# Suspender e hibernar LXDE falla [Solucionado]

## yio643

Hola amigos espero alguien pueda hecharme una mano ya que he buscado y no encuentro nada. Tengo una maquina NB100 con un ssd. instale lxde pero no cuando le doy suspender me diche Not Authorized, en .xinitrc coloque asi la linea:

exec ck-launch-session startlxde

para que me apareciaera la opcion de apagado y reiniciar y es fecha y no me aparecen, en el otro disco que tenia se me aparecian espero me puedan ayudar de atemano gracias

----------

## gringo

creo que el usuario tiene que estar en los grupos plugdev y video.

saluetes  :Wink: 

----------

## johnlu

Prueba a ver qué pasa si ejecutas como root pm-hibernate o pm-suspend.

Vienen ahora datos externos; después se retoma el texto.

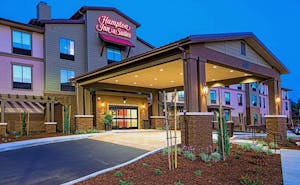 Hampton Inn & Suites Buellton/Santa Ynez Valley, CA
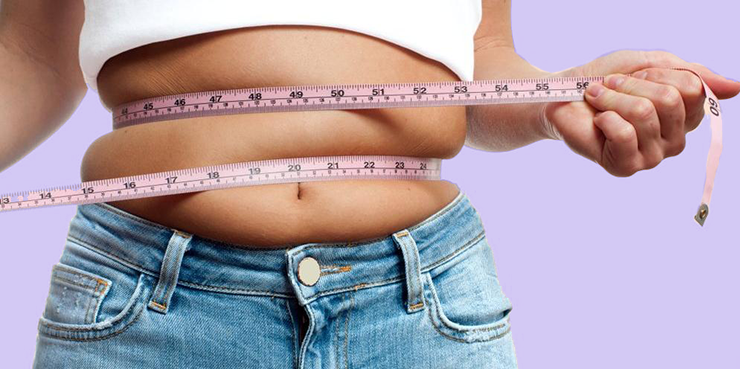 7 maneiras de perder gordura abdominal (Comprovada pela Ciência)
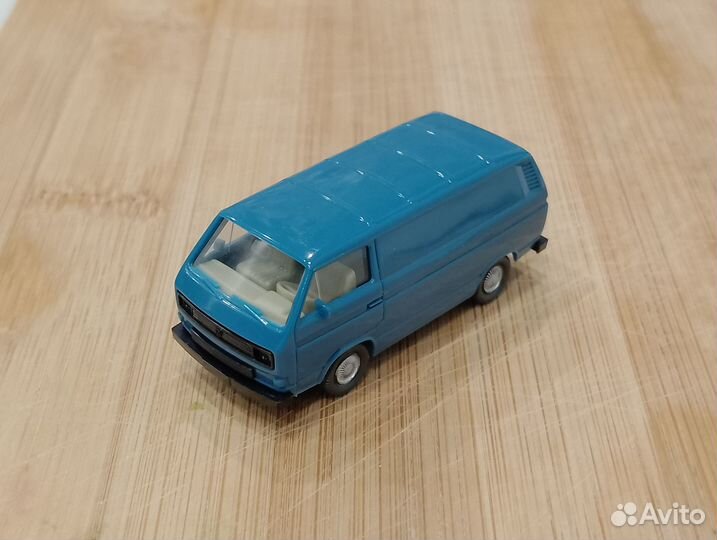 Volkswagen Transporter T3 (1980-1990)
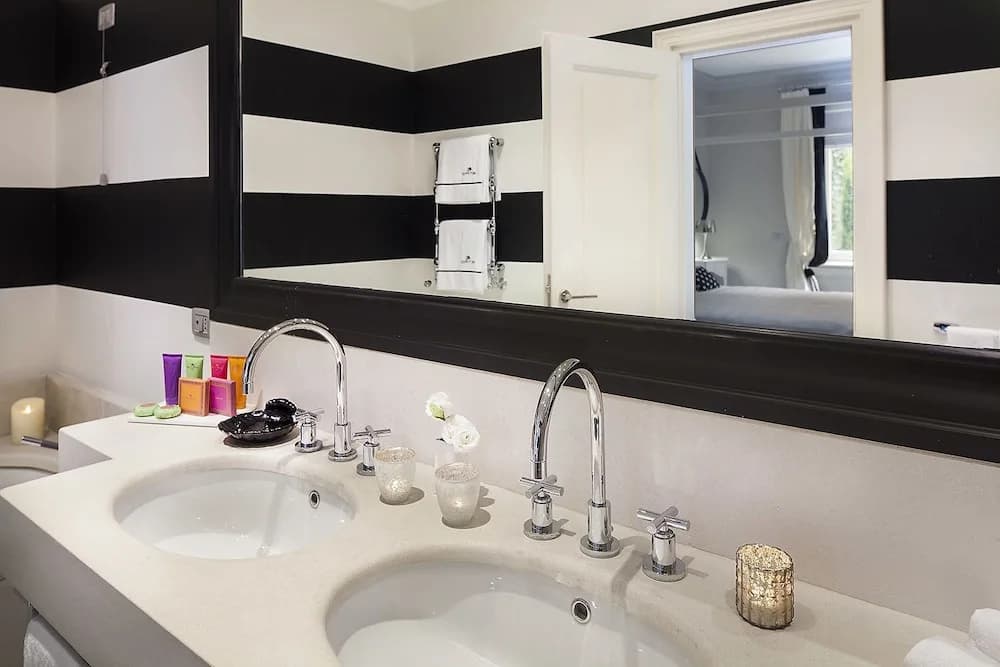 Pepoli9 Design Suites in Rome - photo 10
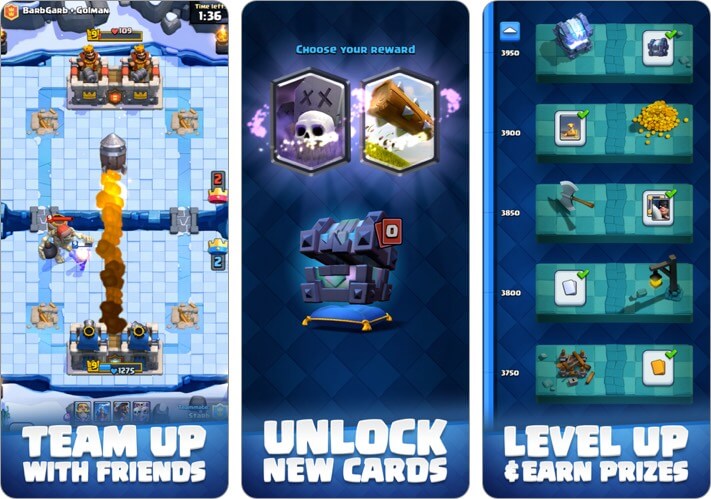 Clash-Royale-iPhone-Game-to-Play-with-Friends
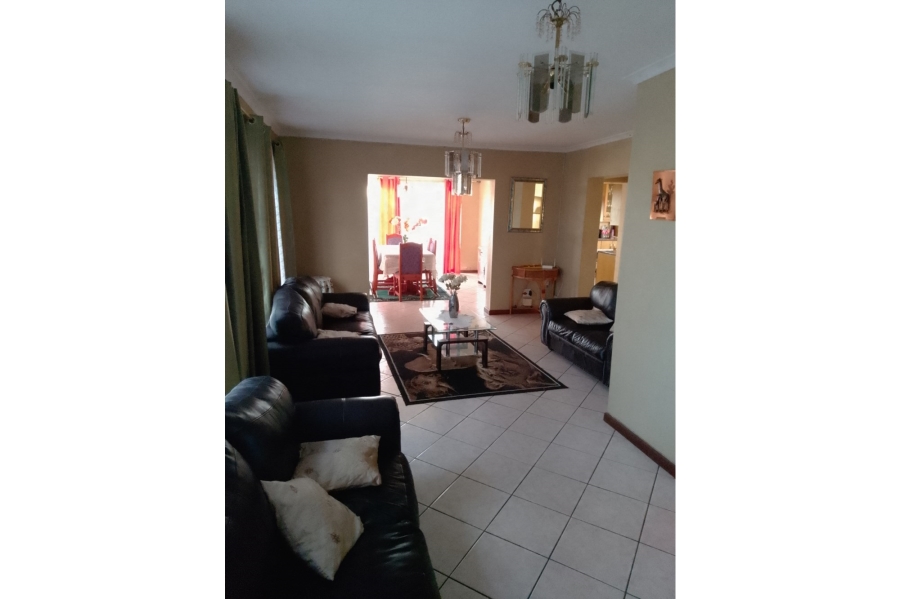 4 Bedroom Property for Sale in Stanford Western Cape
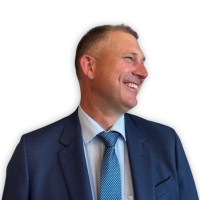 Serco Employee Peter Behrendt's profile photo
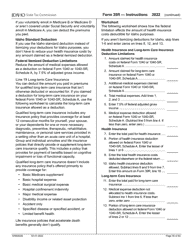 Form 39R (EFO00088) Resident Supplemental Schedule - Idaho, Page 11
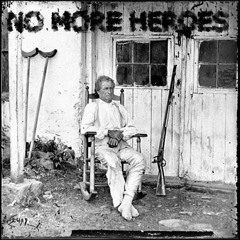 No More Heroes Rock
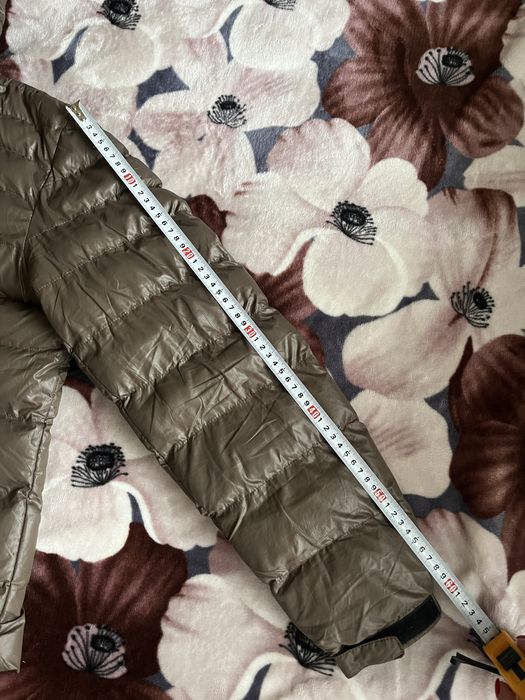 Мужская куртка осень/весна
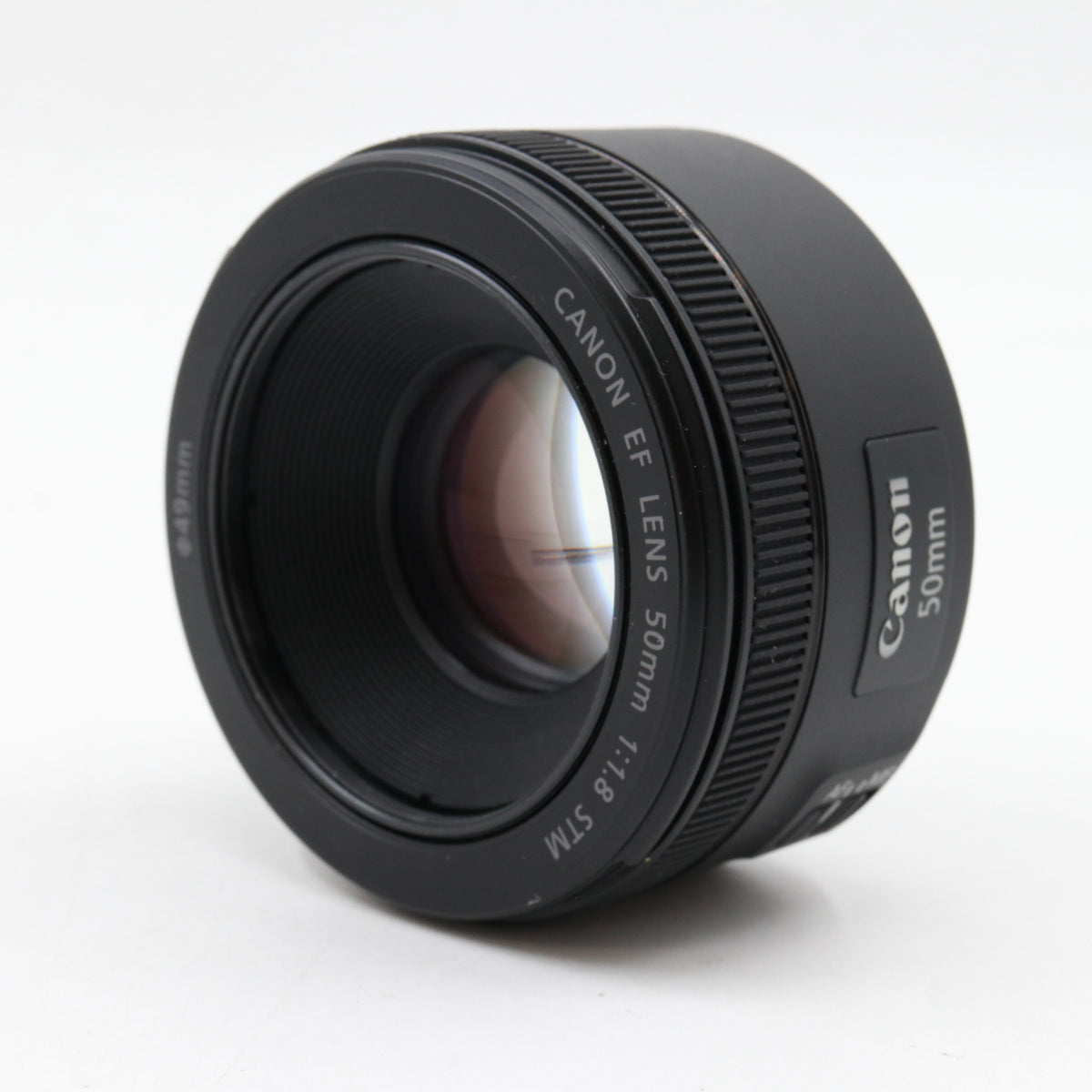 Canon EF 50mm F/1.8 STM gebraucht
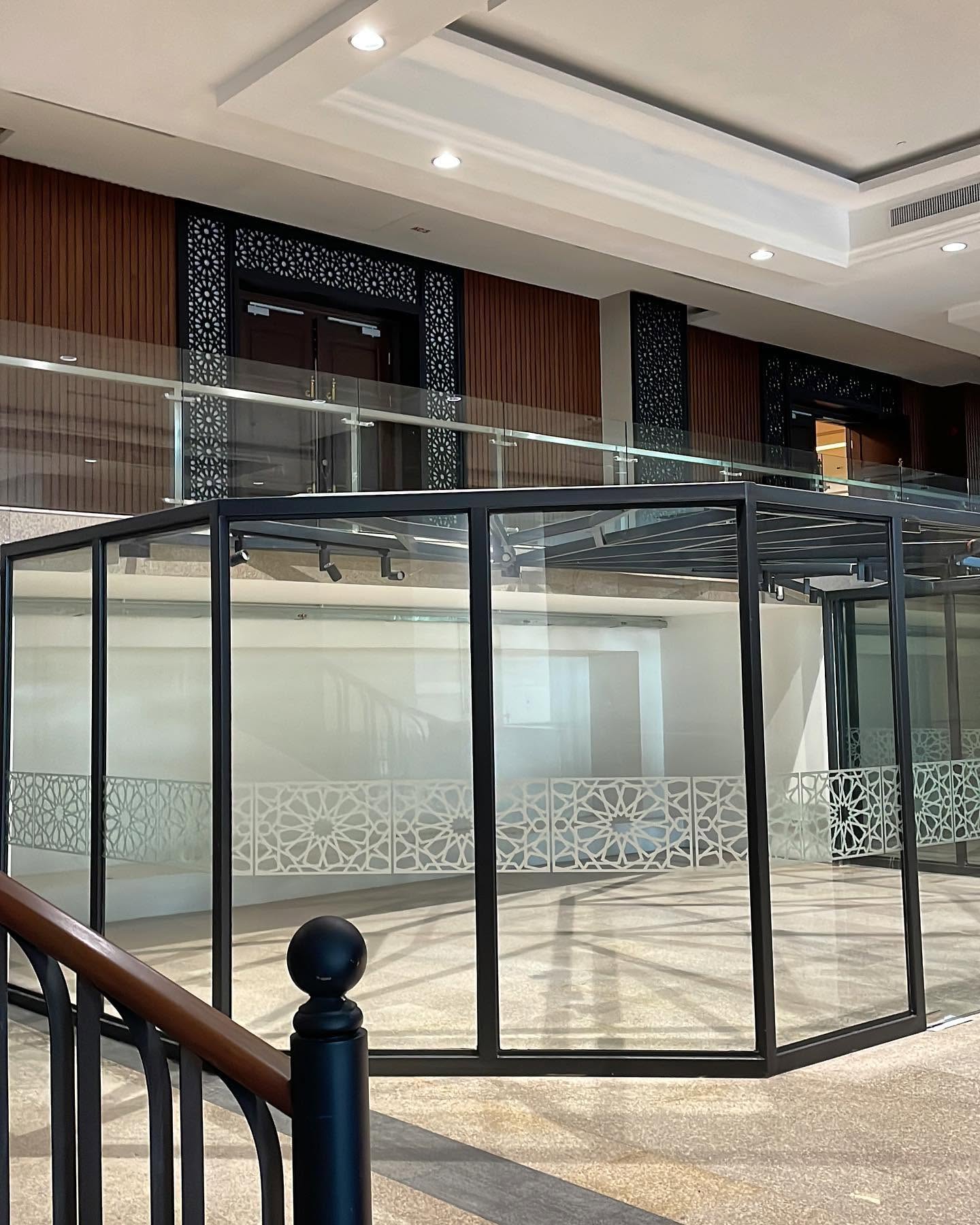 Business Space Rental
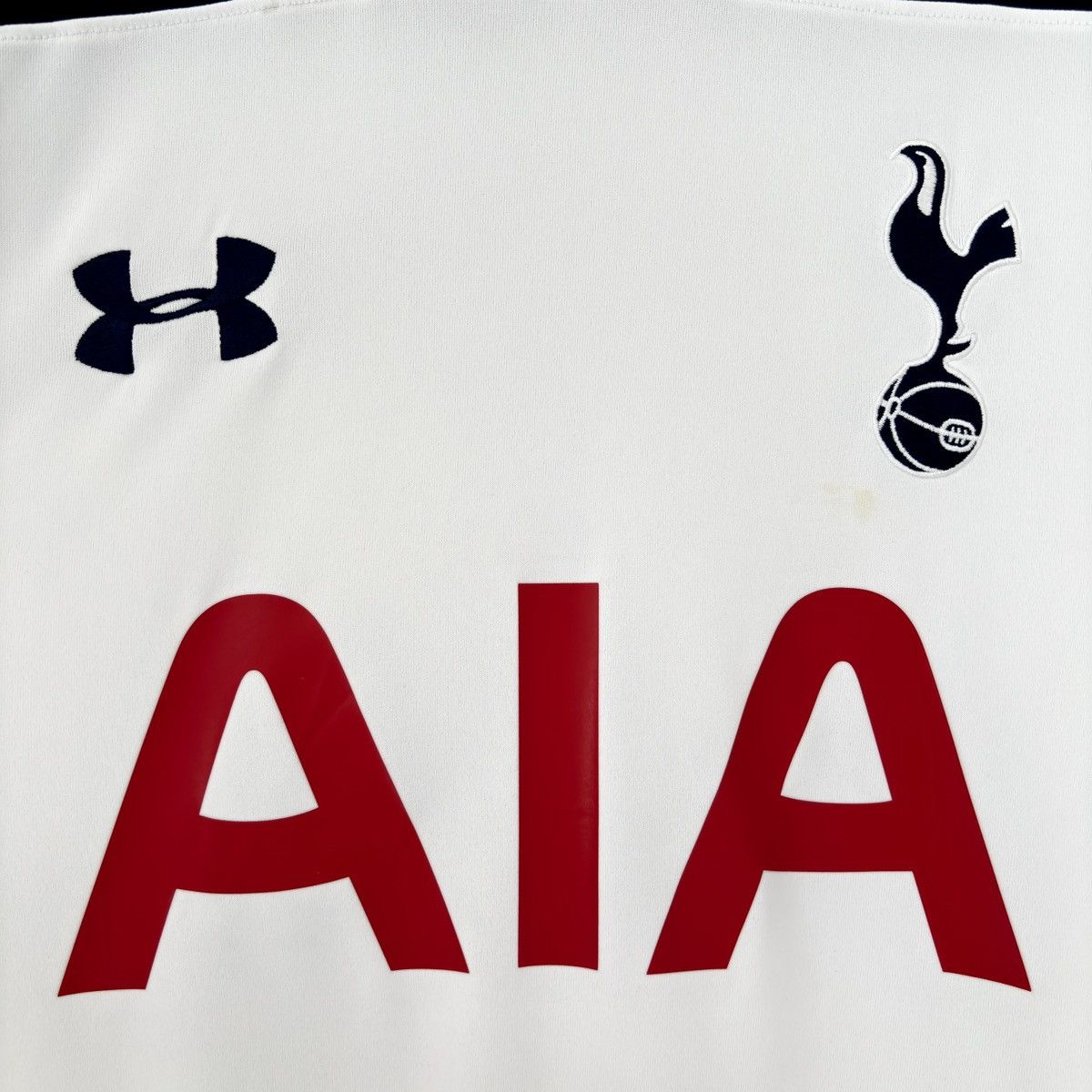 Puma 2016 2017 Tottenham Hotspur Home Kit Puma Soccer Jersey Away Size US L / EU 52-54 / 3 - 3 Thumbnail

Y por favor, corrige la entrada, es hibernar, no "himbernar". Además el verbo echar es sin 'h'...

----------

## yio643

 *johnlu wrote:*   

> Prueba a ver qué pasa si ejecutas como root pm-hibernate o pm-suspend.
> 
> Y por favor, corrige la entrada, es hibernar, no "himbernar". Además el verbo echar es sin 'h'...

 

gracias amigo con la correccion  :Wink: . Solo para comentar que he resuelto el problema y esra que faltaba un archivo en Polkit en etc agrege las entradas de hibernar, suspender, apagar y reiniciar. Y listo quedo de lujo  gracias por el apoyo

----------

## johnlu

Añade la etiqueta [solucionado] al principio del título de la entrada  :Smile: 

----------